- **What the task requires**
Drop the images, then output the listing exactly.

- **Recorded information**
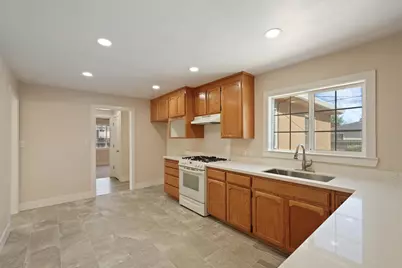 2555 W Sonoma Avenue, Stockton, CA 95204 - Photo 13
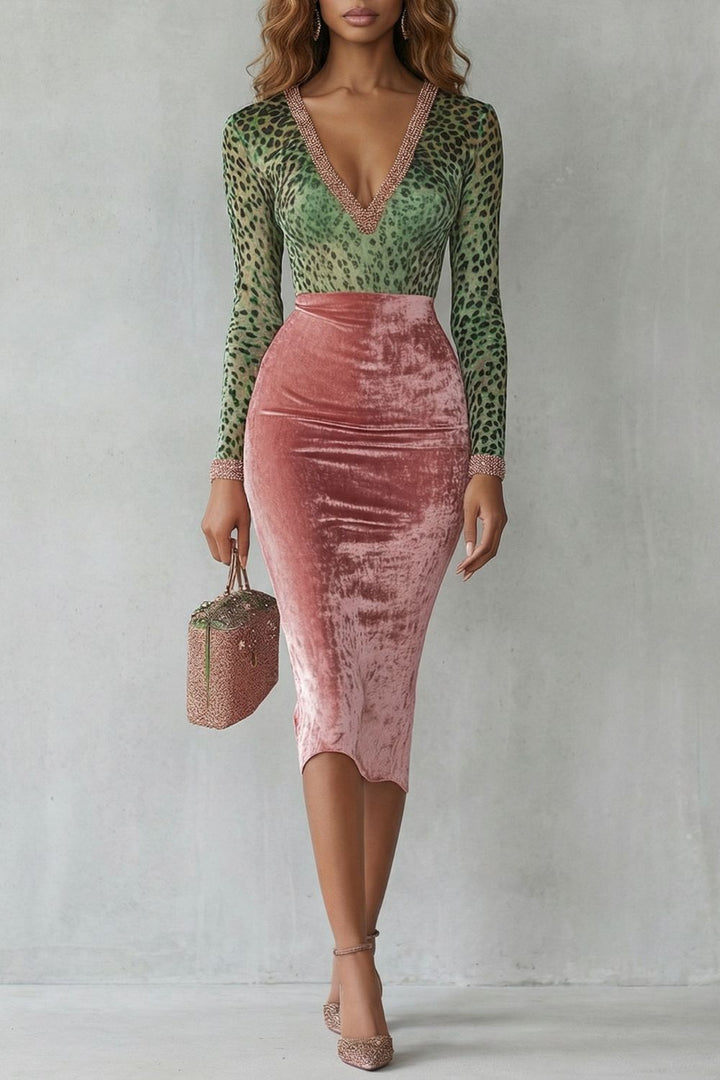 Virelline figurbetontes Midikleid mit salbeigrünem Leoparden-Mesh und altrosa Velours-Rock, Vorderansicht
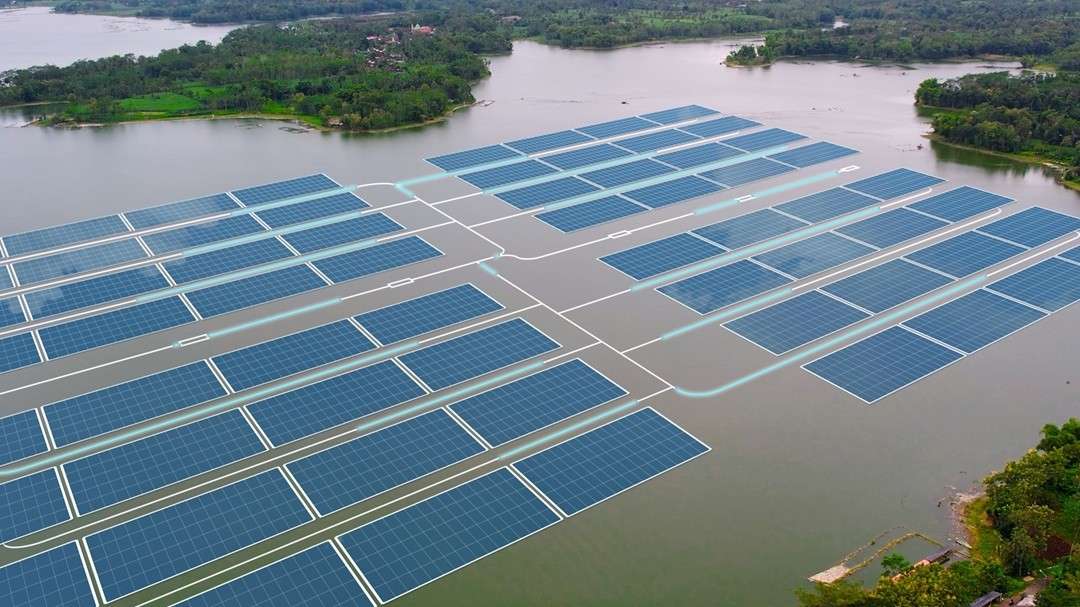 PLTS Terapung (dok PLN Nusantara Renewables)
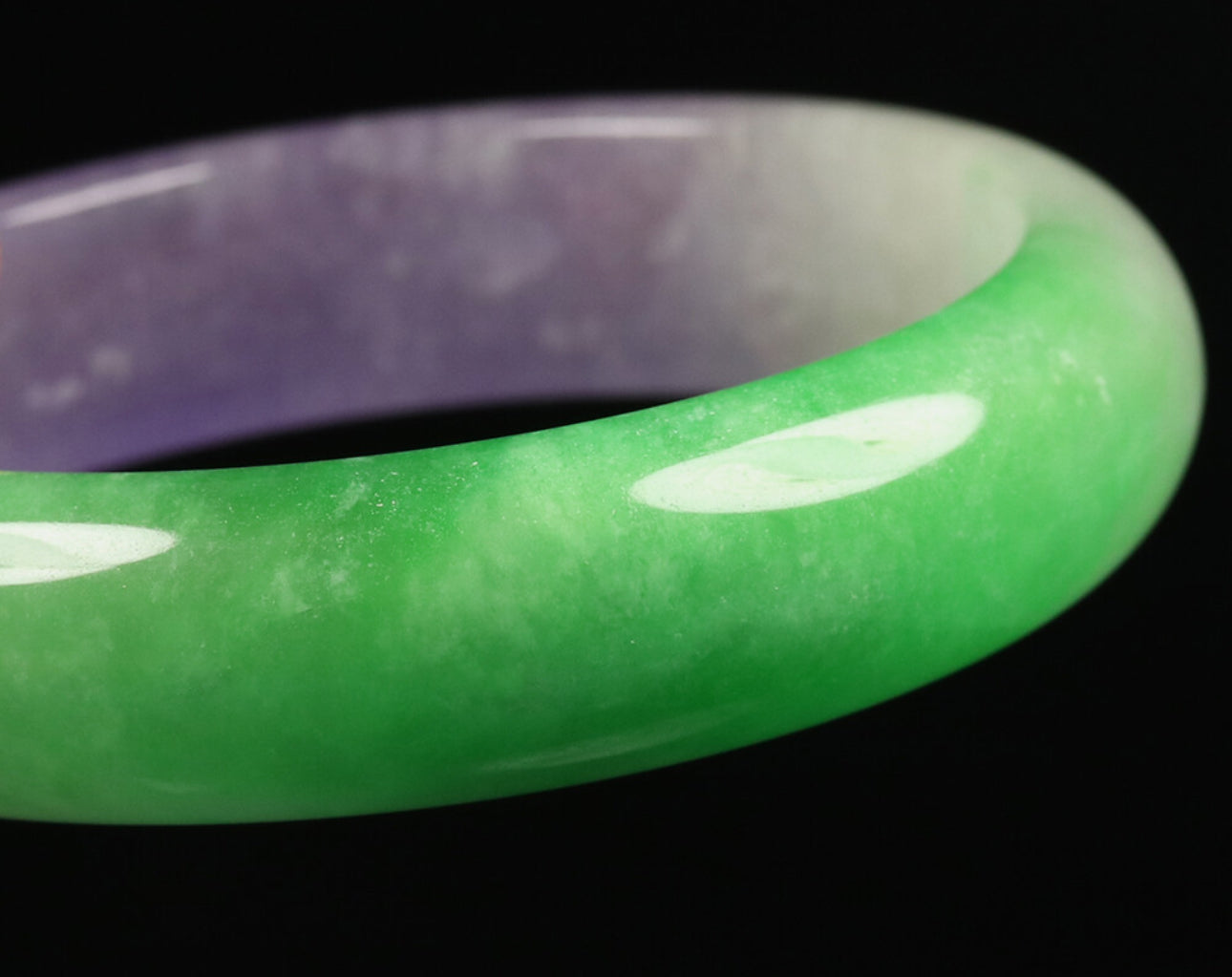 VINTAGE Medium Jadeite Green/Lavender Jade Bangle Size 59 MM G268 - JazzyJewelbyAmina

- **Written solution**
 2555 W Sonoma Avenue, Stockton, CA 95204 - Photo 13
 Virelline figurbetontes Midikleid mit salbeigrünem Leoparden-Mesh und altrosa Velours-Rock, Vorderansicht
 PLTS Terapung (dok PLN Nusantara Renewables)
 VINTAGE Medium Jadeite Green/Lavender Jade Bangle Size 59 MM G268 - JazzyJewelbyAmina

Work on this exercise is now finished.